The Tower from Trinity Avenue

Trinity High School, Northampton

 

WHEN WORLDS COLLIDE:   MUSIC APPRECIATION WITH DR. CHATER

Peter Douglas writes:

Exactly whose idea it was is lost in misty time, but it probably sounded a good idea when it was proposed.  It was probably around 1959 or 1960 when someone in the school’s administration (or perhaps Dr. Chater himself) suggested that senior pupils should have the benefit of a class called “Music Appreciation.”  I presume that the plan was to raise our level of awareness and comprehension of music by exposing us to it.  It was a noble thought, of course, but one that was essentially wasted on our inattentive and degenerate little minds.

Dr Chater - Pen Picture

Dr Chater - Crayon Picture

We all gathered as a class once a week in one of the Tower Block rooms in the late afternoon.  The ringmaster of this particular circus was Dr. Chater, even though his academic interest was of the scientific kind.  It was worth a try, and I’m sure he did a good job, but it was really a lost cause.  The classes were pretty much as you might expect with 30-odd teenagers made to sit still and listen to music – and classical music too, no Cliff Richard, Frankie Avalon, or Bobby Darin!

Dr. Chater explained what we were going to hear, and said something about the composer before putting the LP on the record-player.  We could have been worse, but proper behaviour was asking a lot.  There was a lot of fidgeting and sniggering, whispering and note-passing, doodling, and covert attention to homework.  But the very worst was the silly giggling!  Someone would make a remark or a noise, and we’d be off.  It spread like an epidemic, made worse by our efforts to contain it.  Eyes watered and noses snorted, and usually someone let it go and tried to cover it with a cough.  For the most part, Dr. Chater seemed not to care or notice, and usually gazed out of the window as the music played.  I recall he was driven to call for silence once on the occasion when an ill-suppressed fart squeaked out and set us off, far worse than usual!

And yet for all this foolishness, one of my most vivid memories of these sessions, what came to be known as “Music Depreciation,” was quite moving for me, and I am impressed and a little embarrassed by it.  Since that day, I have heard the music in question a few times, and it has never failed to evoke that far-off day at school.
 

Dr Chater in 1958

Dr Chater in 1958

It was a winter afternoon, and Dr. Chater’s treat that day for this gathering of ungrateful clowns and time-wasters was to be Bedrich Smetana’s “Moldau.”  Not that we listened or cared a damn, but this is a symphonic poem written in 1874 as part of the Czech composer’s “Ma Vlast” (“My Country”).  The Moldau is a river, and the composition depicts its course as it flows through the countryside, through forests and by fields, beneath rocks and ruined castles.  Dr.
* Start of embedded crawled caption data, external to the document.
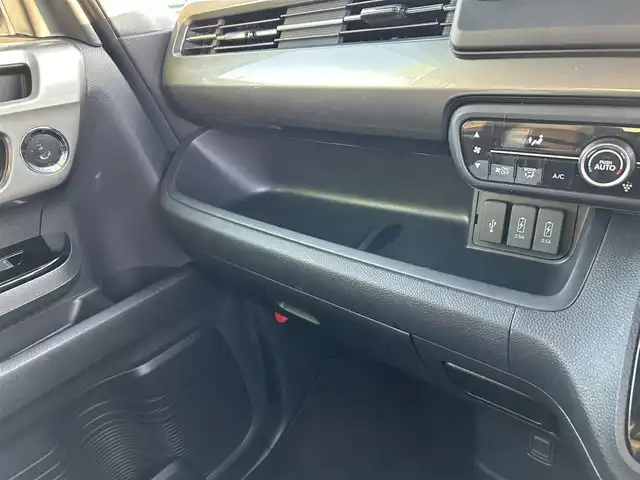 ホンダ Ｎ ＢＯＸ 福岡県 2022(令4)年 9.4万km クリスタルブラックパール 両側パワースライドドア/パドルシフト/パーキングアシスト/アイドリングストップ/フルセグTVナビ/Bluetooth接続/レーンキープアシスト/盗難防止装置　/純正アルミホイール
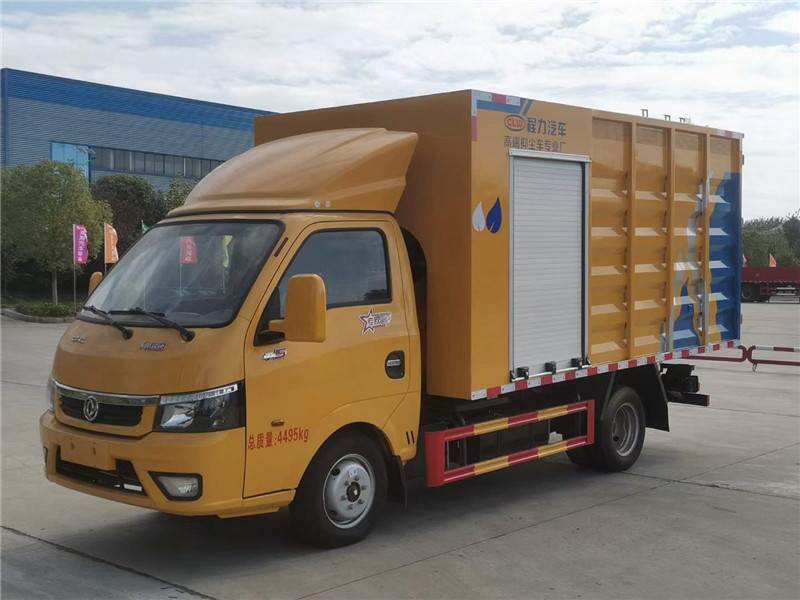 國六東風途逸藍牌樹枝粉碎車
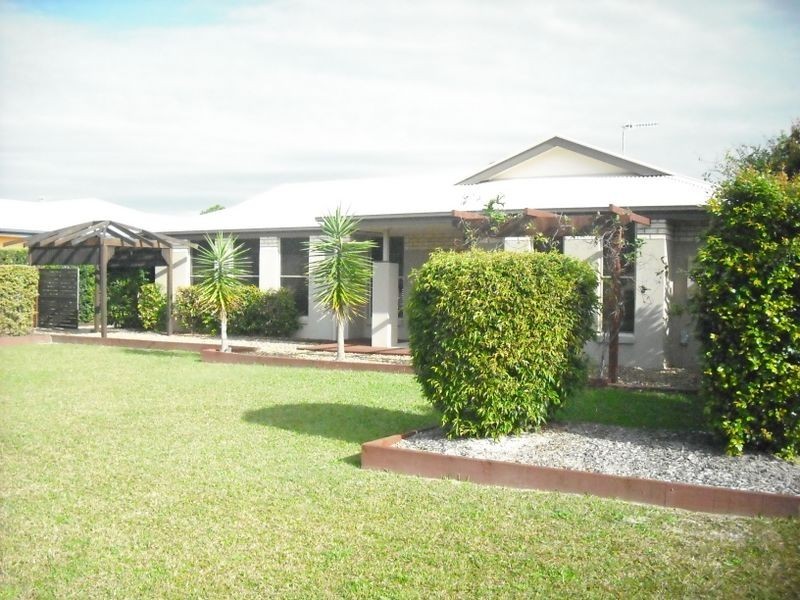 24 Kanimbla Ave, Cooloola Cove QLD 4580
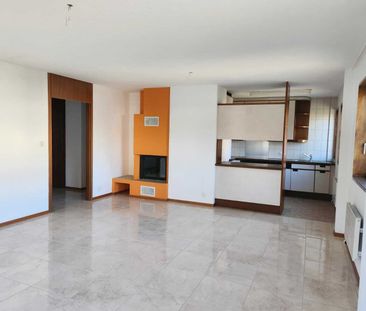 APPARTEMENT 4 PIECES CENTRE VILLE ET ASCENSEUR UN LOYER NET OFFERT ! - Photo 4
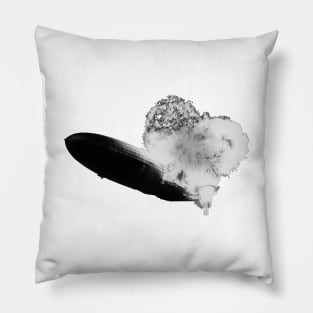 Hindenburg black Pillow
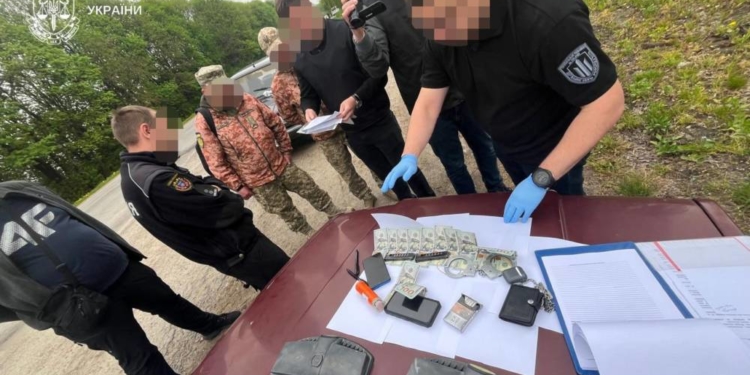 Хабар за вигаданий злочин: на Тернопільщині затримали поліцейського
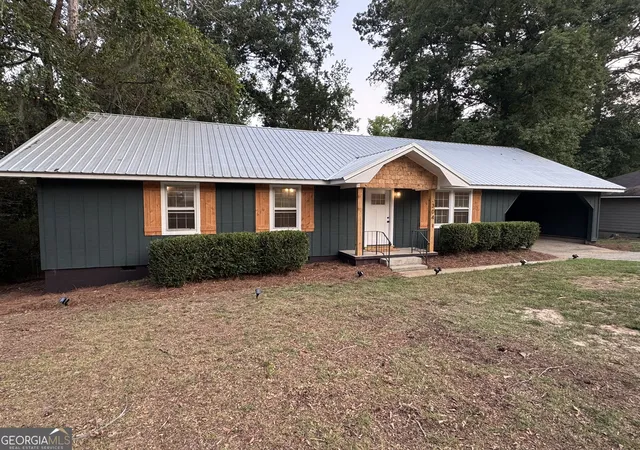 1st image of 304 Pinewood Dr, Dublin, GA 31021 | MLS# 10806139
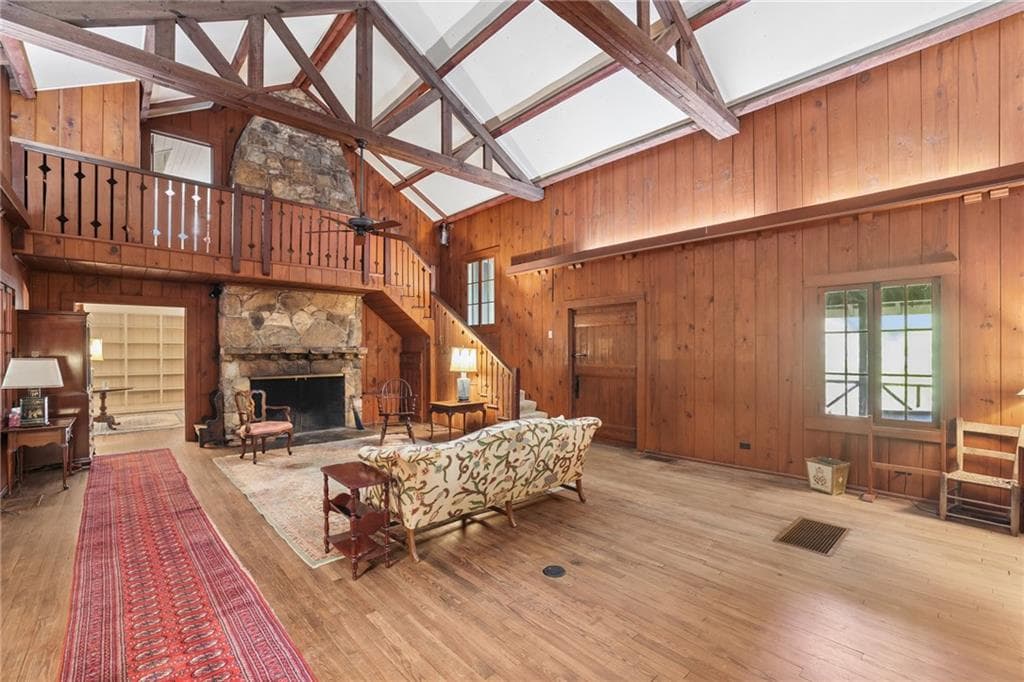 4 bedroom, 4 bathroom, 2,434 sq ft single family residence for sale at 8235 Tynecastle Drive, Sandy Springs, GA 30350 — photo 5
Chater was evidently quite familiar with the piece as he tried to set the scene for us, outlining what we were about to hear.  Two brooks were represented by the flutes, the surging string melody was the main river, and there were rapids and water nymphs (giggle), and ending with the river flowing majestically through the Czech capital.

His brief preamble concluded, Chater set the phonograph spinning and the crackle of the needle preceded the gentle start of the music.  I wasn’t expecting much; it sounded pretty good music to dream and snooze by, and it was certainly better than tangling with the Corn Laws, quadratic equations, or, God forbid, the rigours of the rugby field.  I closed my eyes and let the notes wash over me – well, it was a river, after all, so the metaphor’s apt.  I discovered that I found the music strangely moving for some reason, and I found the burps and rumblings of the classroom drifting away.  With my eyes closed it was easy to follow that water’s course, each section of its passage uniquely evoked by the subtle differences in the music, restful and quiet by the meadows, accelerated and agitated when we reached the rapids!

It was very strange!  For all the snickering and playing up around me, I was able to tune it out and really concentrate on the swelling and collapsing flow of the music.  This was something new, a revelation of how music could affect mood, could allow me some minutes of quiet contemplation (of what I wasn’t sure) in this loony classroom.  I opened my eyes and, happening to be close to the window that faced west, I watched the low sun sinking into the cold, red clouds at the horizon.  I was drifting away, transfixed, almost hypnotized, by the music.  The view and the music seemed in harmony, the splendid eternal daily ritual of nature, the falling sun, the Technicolor clouds smothering it, this to me imaginary distant river flowing on, the evocative melody filling my head, the mind of a long-dead composer sneaking into this banal classroom sixty-something years after his death…

The music ended, as all music must.  The Moldau met the Elbe and vanished into it, and the noises of the classroom returned.  They pushed their ungainly way into my consciousness in the form of the titters and yawns of my pals, and the stretching and shifting of bored and restless bodies.  We had all just listened to the same piece of music, but no one else seemed affected by it.  Any discussion of what we’d heard was not an option.  Make of it what you will, seemed to be the line.  Everyone rushed out; I just wanted to go for a long walk and hear the last dying notes of Smetana in my head, letting the discordant world return if it must, but slowly.  Yet I scrambled out with the rest of them, of course, out into the rubber-floored corridor and down the noisy, crowded staircase in a blur of green blazers and jabbering, distracting voices.

But before I left the room I looked quickly back at Dr. Chater.  He’d removed the arm from the record and dismissed us with a languid and quite unnecessary wave.  He doubtless dismissed us in other ways too, as a pack of unappreciative savages who had been offered a treasure and refused it.  I wanted to catch his eye, to let him know that this hour wasn’t wasted entirely, that someone understood… or might understand.  Who appreciated.  But he wasn’t paying any attention to any of us.  He was standing by the window, looking out at that sunset, at my sunset, at that sad diminuendo of the day.